Nietzsche was cursed with a hard-to-spell name but blessed with genius and a sense of humor. He riddled his philosophy with contradictions: he believed we should all strive for greatness, yet promoted some people as greater than others. He didn’t care for women, yet he grew up in a household dominated by females and his mother and sister took care of him in the end.
Nietzsche found his calling young — as a philologist, or “lover of words” — before becoming a philosophy professor at the tender age of 24. He was hired to teach college before even finishing his doctorate, and took an appointment in the city of Basel in neighboring Switzerland.
He grew up being told to worship God by women, and he never forgot the experience. He felt alienated, and spent much of his career writing about the dangers of both females and religion. He would famously tell the world, once he began publishing:
“God is Dead.”
There is an old joke, and it goes like this:
“Nietzsche is dead.” — God
1/ “All things are subject to interpretation and whichever interpretation prevails at a given time is a function of power and not truth.”
Just as confident people appear smarter, so it goes that reality is forged more by power than knowledge. The philosopher conceived truth as highly malleable anyway — a bright spark that comes and goes like a firefly on a summer night.
This is why speaking truth to power matters.
2/ “That which does not kill us makes us stronger.”
This could be his most famous quote. It’s been shortened to a smaller sound byte:
“No pain, no gain.”
Despite sounding tough, this quote is easily disproved now that we know more about trauma and PTSD. Often, what doesn’t kill us can weaken us.
Yet we live in hope that if we survive, we might be better for it.
3/ “There is not enough love and goodness in the world to permit giving any of it away to imaginary beings.”
Nietzsche found the concept of God to be a burden for mankind, and he made no bones about his atheism. During his lifetime, this view wasn’t popular — but America seems to be embracing a new form of atheism in the 21st century. Our church attendance is taking a huge dive, at least.
You cannot argue there isn’t enough goodness and love in the world, whether you believe in a higher being or do not, and this is where his quotes touch people. He perfected the art of stating obvious truths with more interesting language.
4/ “The essence of all beautiful art, all great art, is gratitude.”
Art is originality, which isn’t easy to find. Witness this article, which culls the thoughts of another!
When we feel deep gratitude, we are free to create, and that is a precious feeling.
5/ “We have art in order not to die of truth.”
We know our brains are hard-wired for stories. We can’t resist a good tale, and they are all lies in a way. From Star Wars to Hamilton, every story stimulates the heart and brain but none of them is true.
Truth can be bleak. Ironically, a world without God often feels colorless and bland. Perhaps that is why Nietzsche didn’t need God, for he found his joy in art.
6/ “Success has always been a great liar.”

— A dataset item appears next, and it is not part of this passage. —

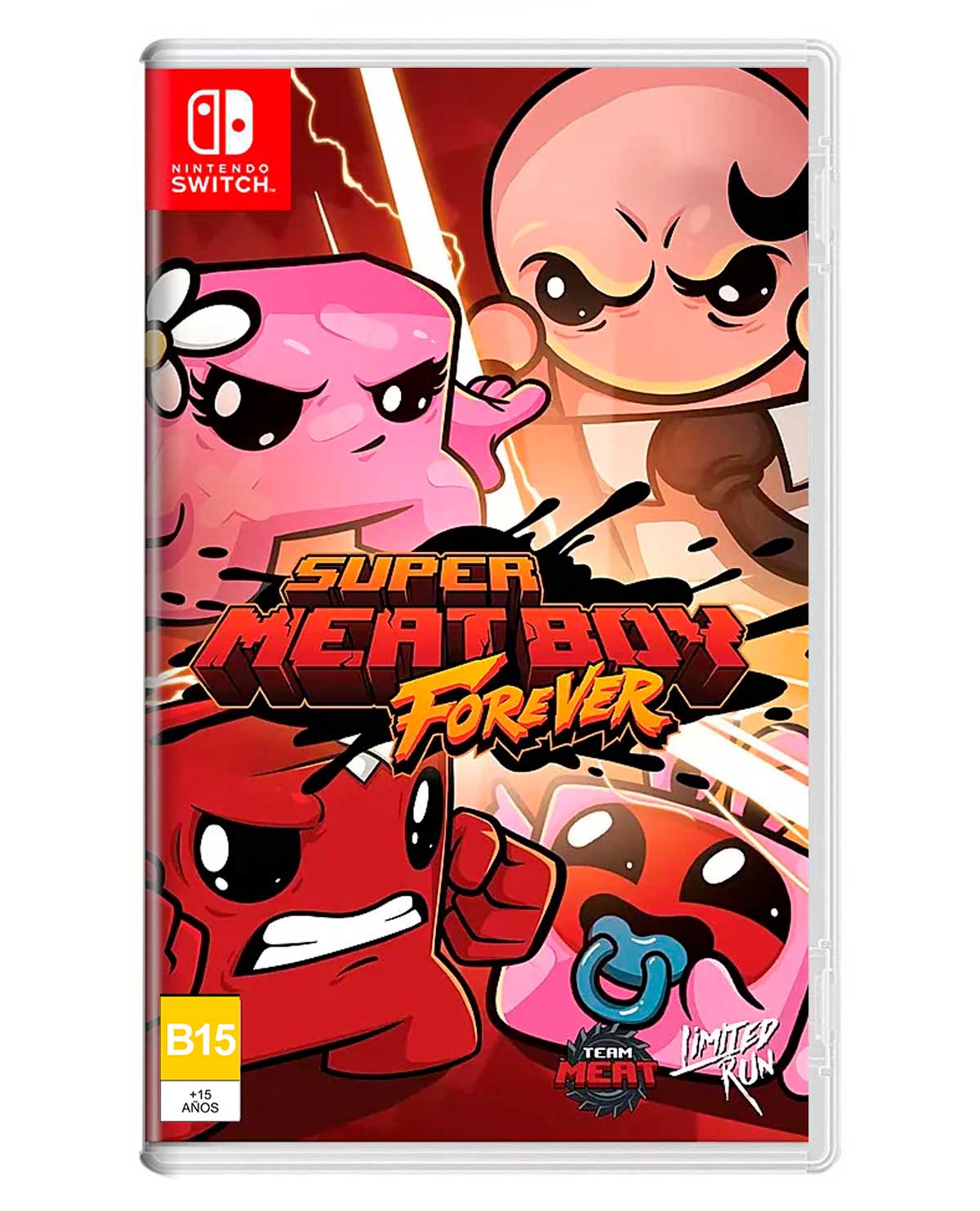 SUPER MEAT BOY FOREVER LIMITED RUN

We succeed and become vulnerable to ego. And in our egoism, we can lie to ourselves, pretending we are great and no longer ordinary like everyone else. At the height of success is “when the devil comes for you” just as we learned a few nights ago, watching Will Smith win and lose on the same night.

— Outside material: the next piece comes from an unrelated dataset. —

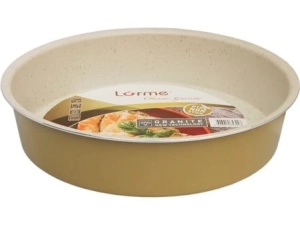 Tepsija okrugla Classic granit 32x7cm Lorme 12648
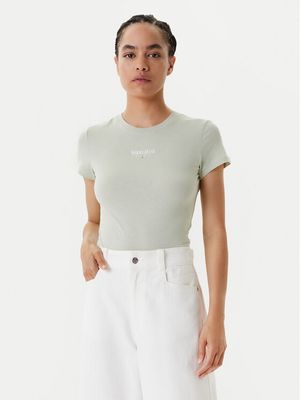 Bluzka damska casual Tommy Jeans ze sklepu: MODIVO w kategorii: Bluzki damskie - zdjęcie WP-EBWP-BKLVO-LN0_0000305040749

7/ “The demand to be loved is the greatest of all arrogant presumptions.”
It’s hard to know if he’s talking about personal love, the hubris of believing that because you having feelings for someone, he or she must feel the same way — or admiration. The quote covers both scenarios. A demand for your crush to love you back is childish, but the belief you should be famous is foolish.
Sometimes, however, Nietzsche seemed to get it completely wrong.
“Egoism is the very essence of a noble soul.”
How can that be true? The brilliant philosopher, so modern and paradoxical, creates a fog. Does he mean none of us should hide our light under a bush? Is he talking about becoming the “uberman” and self-realization — or did the philosopher contradict himself?
Nietzsche died too young, and some scholars argue his core philosophy was twisted by a surviving sister who was a devoted Nazi follower. Even in death, his true meaning begets controversy.